Adenovirus mediated transfer of p53, GM-CSF and B7-1 suppresses growth and enhances immunogenicity of glioma cells.

Objectives: Malignant gliomas are good targets for gene therapy because they have been proven incurable with conventional treatments. However, malignant gliomas are genetically and physiologically highly heterogeneous, and current gene therapy interventions have been designed to target only a few variations of this kind of disease. Hence, we developed a combined gene therapy approach using a recombinant adenovirus carrying human wild-type p53 (WT-p53), granulocyte-macrophage colony-stimulating factor (GM-CSF) and B7-1 genes (designated BB-102) to combat the disease.

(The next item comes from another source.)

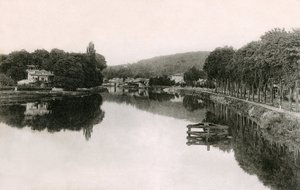 Bougival (Yvelines - 78 - Île-de-France): Ufer der Seine von der Fußgängerbrücke aus gesehen, Anfang des 20. Jahrhunderts (s/w Foto) von French Photographer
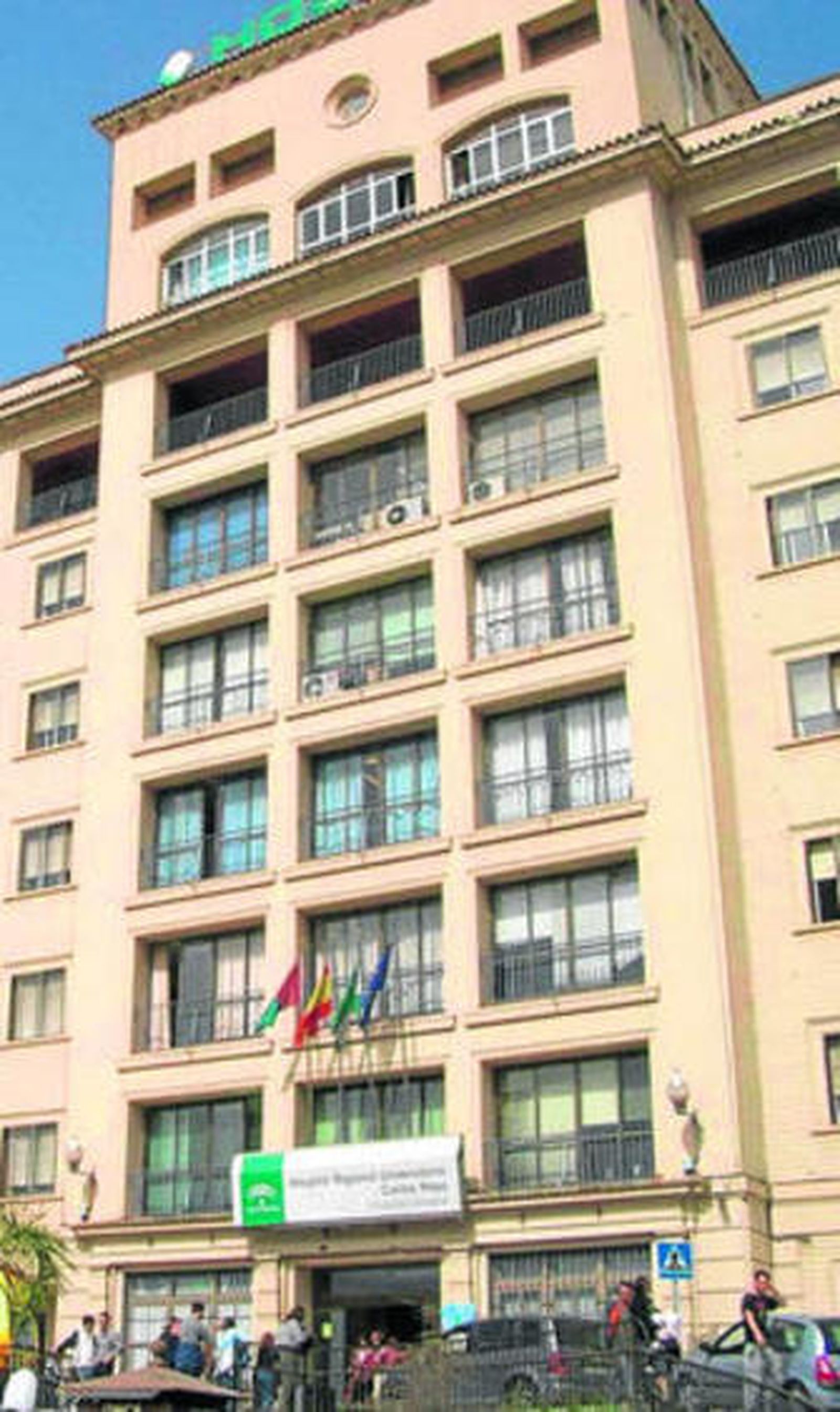 Fachada principal del Hospital Carlos Haya.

Methods: Human malignant glioma cells U251 and U87 were transduced with BB-102. Expression of WT-p53, GM-CSF and B7-1 genes were determined by Western blot, enzyme linked immunosorbent assay and flow cytometric analysis, respectively. Growth rates were determined by serial cell counts. Apoptosis was detected by flow cytometric analysis. Proliferation of autologous peripheral blood lymphocytes (PBLs) and cytotoxicity against primary glioma cells were assessed by cell proliferation and cytotoxicity assay kits, respectively.

Results: By the transduction of BB-102, high expression levels of the three exogenesis genes were detected in glioma cells. Cell growth was inhibited and apoptosis was induced. Significant proliferation of autologous PBLs and specific cytotoxicity against primary glioma cells were also induced by the infection of BB-102 in vitro, with the effect being more evident than that of Ad-p53.

Conclusion: These results suggest that glioma cell vaccination co-transferred with p53, GM-CSF and B7-1 genes may be a feasible and effective immunotherapeutic approach in glioma treatments.